Even so, throughout the Seventies and well into the 1980s, soccer was perceived as a double disruptor of the domestic status quo. It was widely seen as a foreign sport, not an American one. Yet it also infringed upon this traditional three-sport dominion. Not surprisingly, its rapid growth across suburban America did prompt significant, open dissent from the organizers of and participants in better-established youth sports, as soccer began to pull kids and resources its way.
This pushback, this “appeal to history,” is something Andrei Markovits and Stephen Hellerman discuss in their 2001 book, Soccer and American Exceptionalism. They also call this dynamic “contestation.” It’s a universal phenomenon, they make clear, one not particular to the U.S. However, during the Seventies, in America, even 10-year-old kids couldn’t miss it. Growing up in Wellesley, Mass., I participated in organized and pickup versions of basketball, baseball, hockey, football, golf, volleyball, and track and field. No one in the culture at large gave two shits about these choices. But a whole host of guys, big and small (and they were all guys), sure seemed mighty put off that I played soccer.

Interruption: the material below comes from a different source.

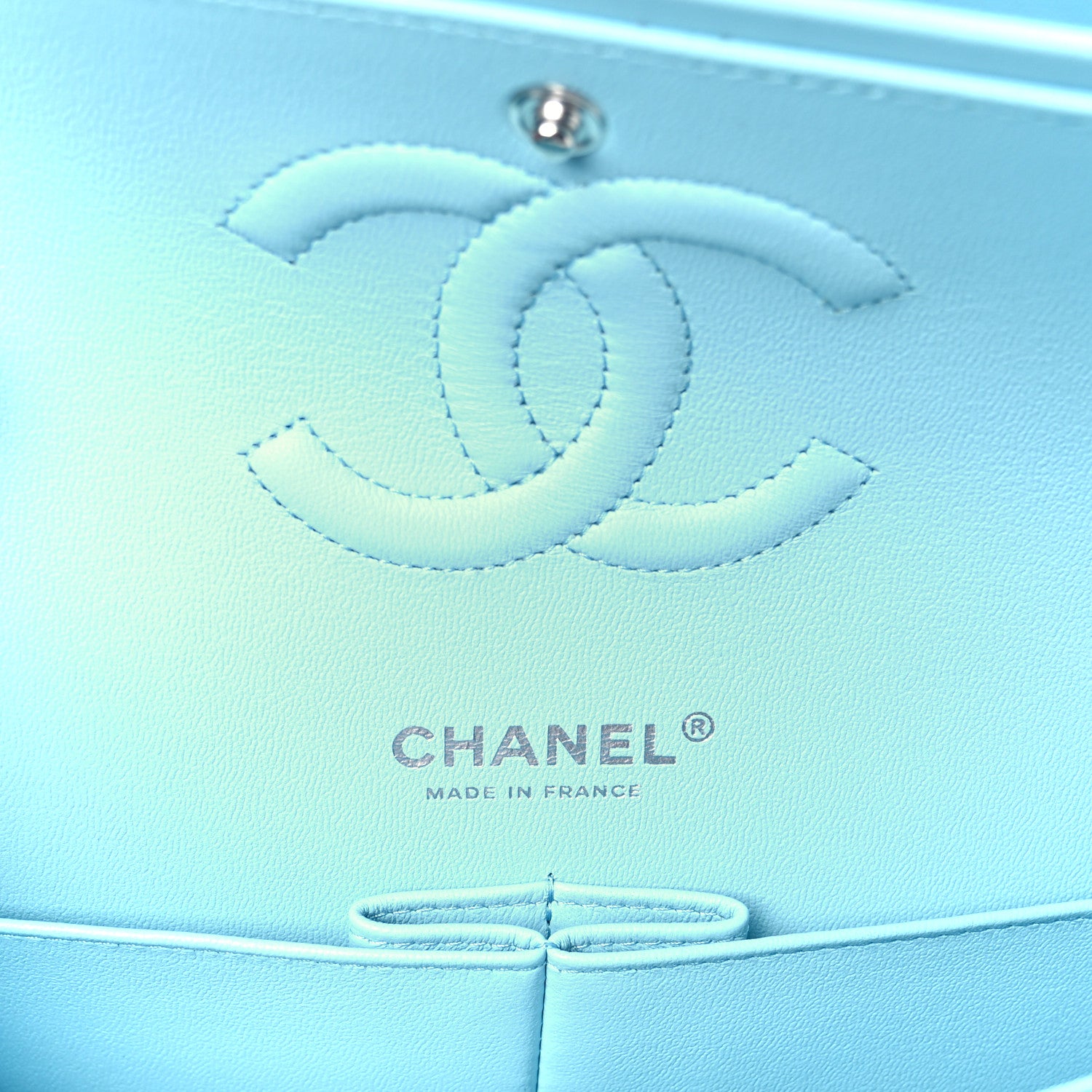 Chanel Lambskin Quilted Medium Double Flap Light Blue 6 of 12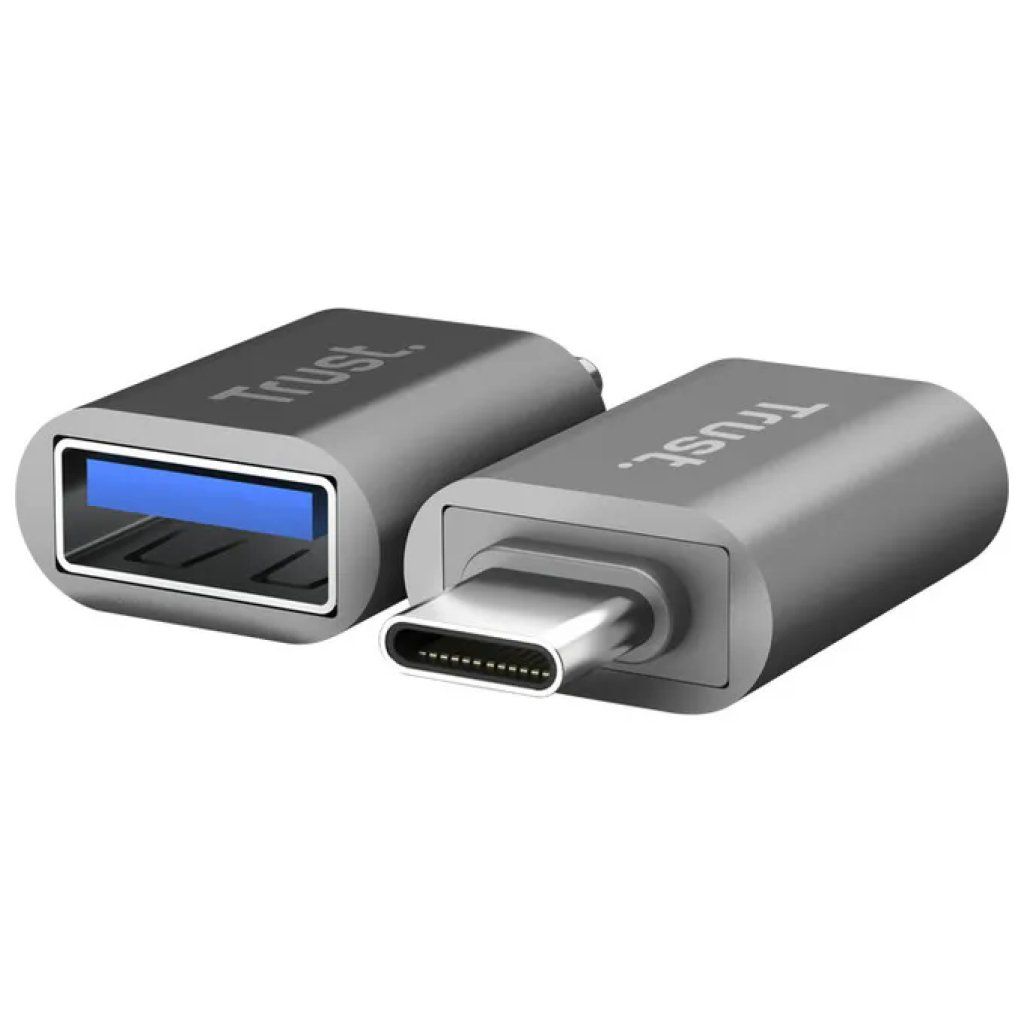 Trust Calyx 26221 – 2 adattatori USB-C a USB-A, USB 3.2 Gen 2, 10 Gbps, argento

The socioeconomic context of the game’s growth during the 1970s remains critical to our understanding of soccer mainstreaming in America: Suburbs, where the Youth Soccer Revolution took the strongest hold, still tend to be more conservative and affluent than urban areas. There exists more disposable household income in the suburbs, too, and more competition for that money when it comes to recreational choices. There are only so many kids in any one town. The more boys and girls opt for soccer, the fewer opt for football and field hockey.
This zero-sum reality naturally did not sit well with the adults who organized and coached those more “traditional” sports. In the Seventies, these folks found themselves competing not merely for warm bodies, but also for access to local playing fields and funding, be it public or participant-raised.

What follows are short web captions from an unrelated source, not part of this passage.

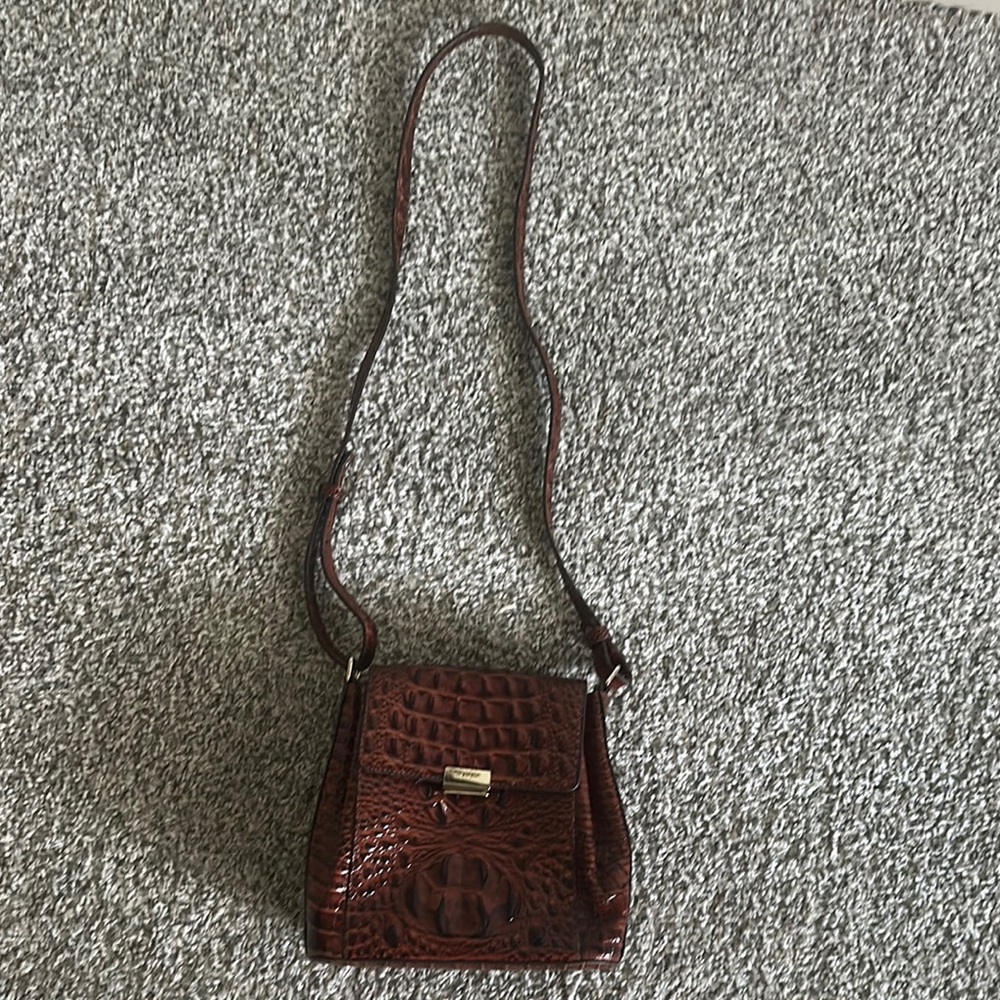 Brahmin Brown Crocodile Pattern Crossbody Bag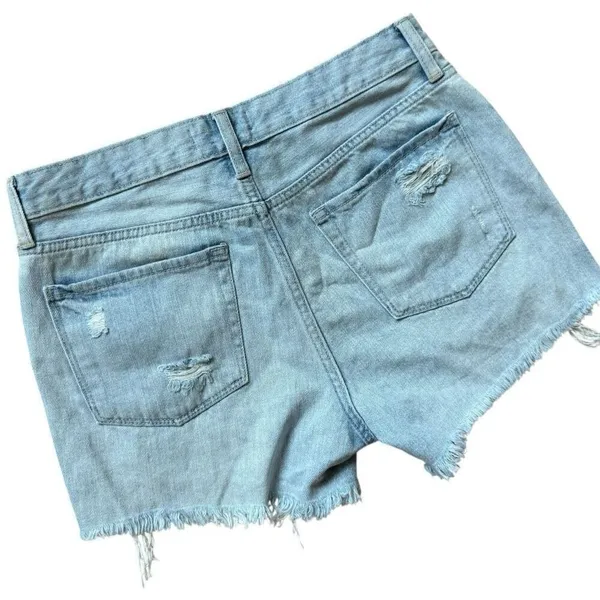 Womens Just USA Light Wash Distressed Raw Hem Denim Jean Shorts - Sz L - Image 2
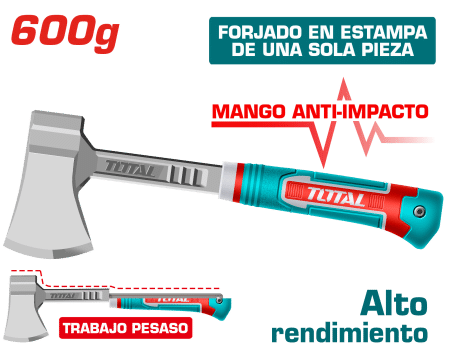 HACHA DE MANO ANTI IMPACTO 600G HD INDUSTRIAL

One of Markovits and Hellerman’s theses goes like this: All established sports prolifically utilize a constant appeal to history to discredit their potential rivals. During the 1970s, it sounded like this: “Why don’t you play an American sport?”

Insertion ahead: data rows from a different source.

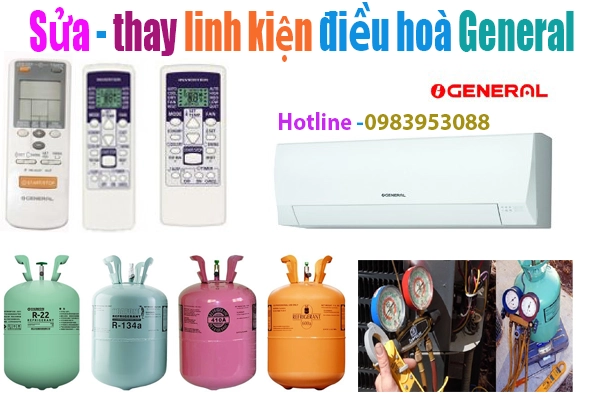 Thay linh kiện điều hòa General tại hà nội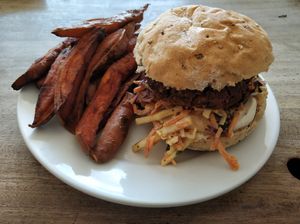 BBQ burger with sweet potato chips at Cafe Kino in Bristol
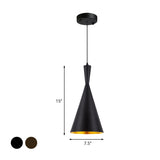 Black/Gold Finish Funnel Hanging Light Fixture Vintage Metallic 1 Bulb Dining Room Ceiling Suspension Lamp Clearhalo 'Ceiling Lights' 'Pendant Lights' 'Pendants' Lighting' 1475263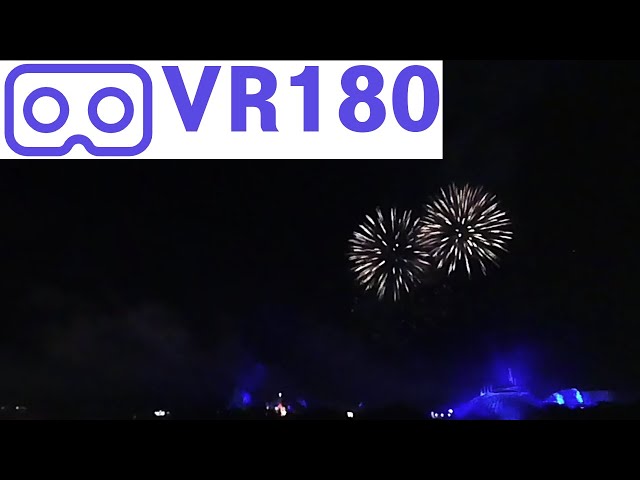 Disney's Contemporary, Balcony view, part of the nighttime firework show  VR180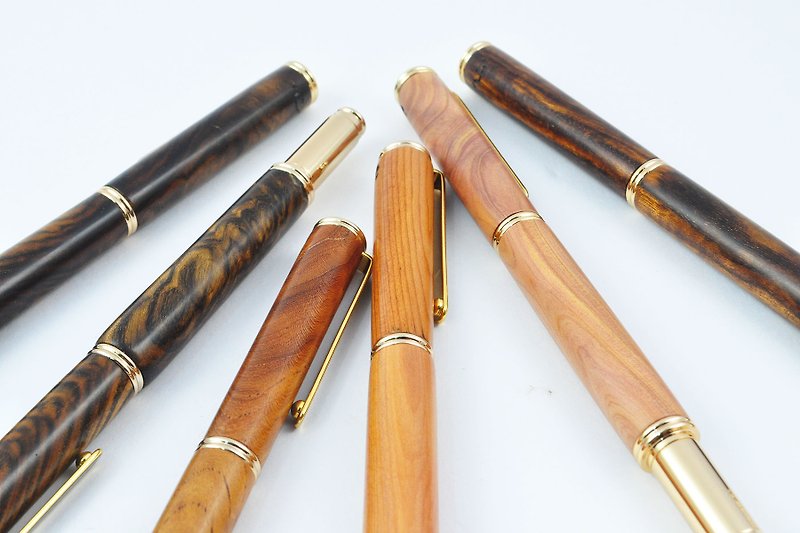【Log pen. Fine version. Pull-out type】 - ไส้ปากกาโรลเลอร์บอล - ไม้ สีนำ้ตาล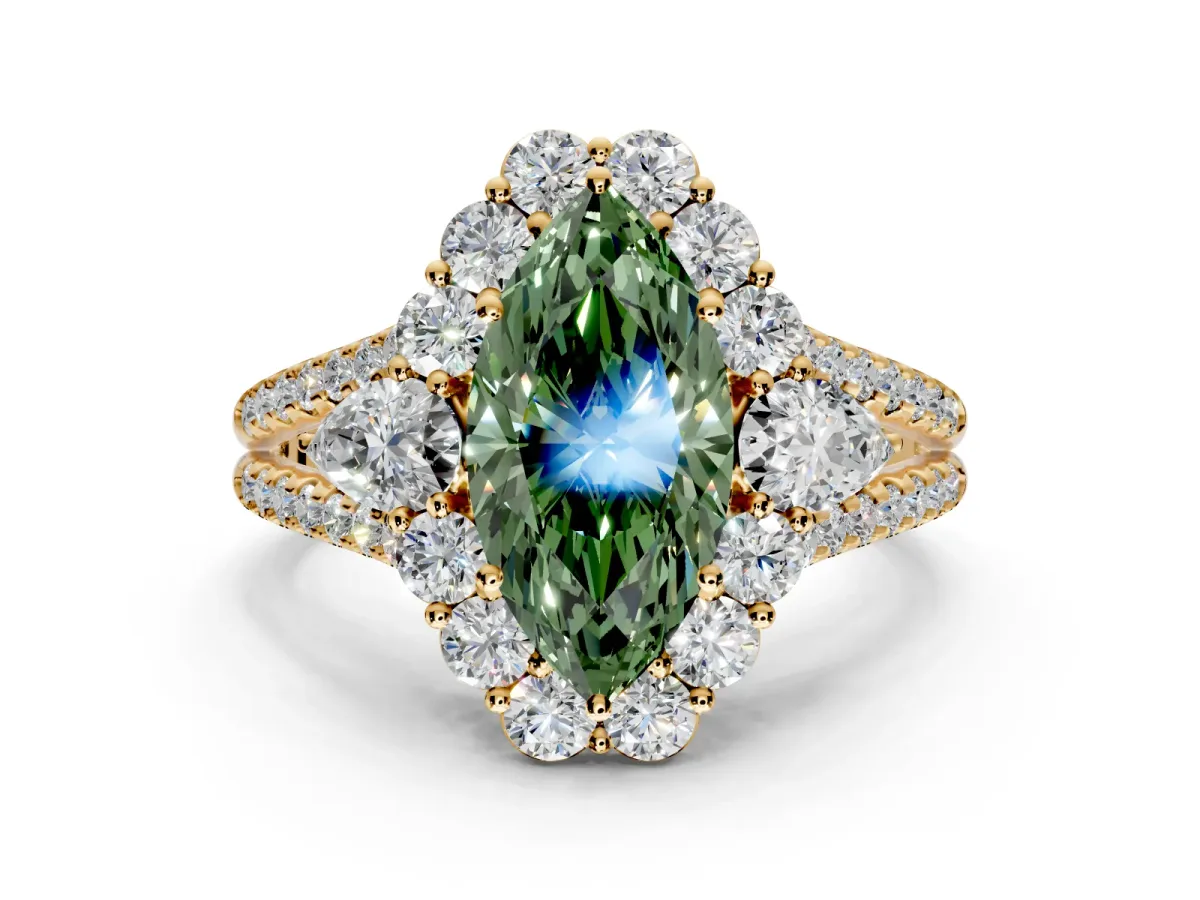 Halo Engagement Ring Setting for Fancy Green Marquise Center with Two-Strand Split Shank and Prong Head in Yellow Gold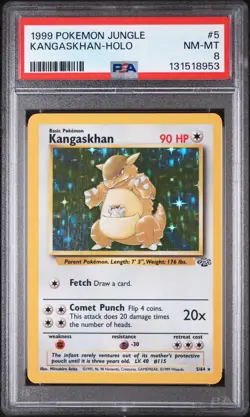 Vintage holo Kangaskhan Jungle 5/64 Pokemon TCG card - PSA 8 NM-MT - Image 1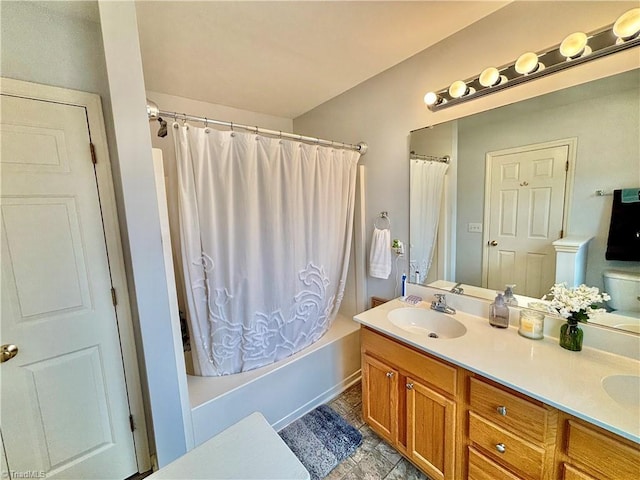 266 Sailway Rd, Winston-Salem, NC 27127 - bathroom with shower / tub combo, double vanity, and toilet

I recognize this scene-setting may sound a bit paranoid, or possibly grandiose, but the verbal battle for hearts and minds during this period was genuine and acute. This much was made very clear to my teammates and me, all of us born in 1964: Soccer wasn’t just un-American. It was the very embodiment of a “pussy sport.” We heard this slander, directly and more obliquely, over and over again. It came mainly from American football players but also from their coaches, many of whom were our gym teachers, too.
The evidence for this deliberately provocative, faux macho, verifiably misogynistic label? Well, wasn’t it obvious? Here was a sport played in shorts and knee socks. Here was a game with only a modicum of physical contact — or so they thought. Here was a sport played by smaller guys who couldn’t succeed at American football. Here was a sport played by girls as well! Here was a sport that embraced the 0-0 draw — all draws!!
It all sounds a bit ridiculous today, especially in light of soccer’s continued mainstreaming today, and its thoroughly robust place in today’s youth sports tableau. What’s more, many of these caustic assertions were issued four decades ago by kids wearing jean shorts. In retrospect, it’s hard to take them seriously.
Nevertheless, this cultural resentment of soccer and its less-than-manly, less-than-American qualities — this threat to America’s precious bodily fluids, as Stanley Kubrick’s mad general, Jack D. Ripper, might have put it — was unmistakable.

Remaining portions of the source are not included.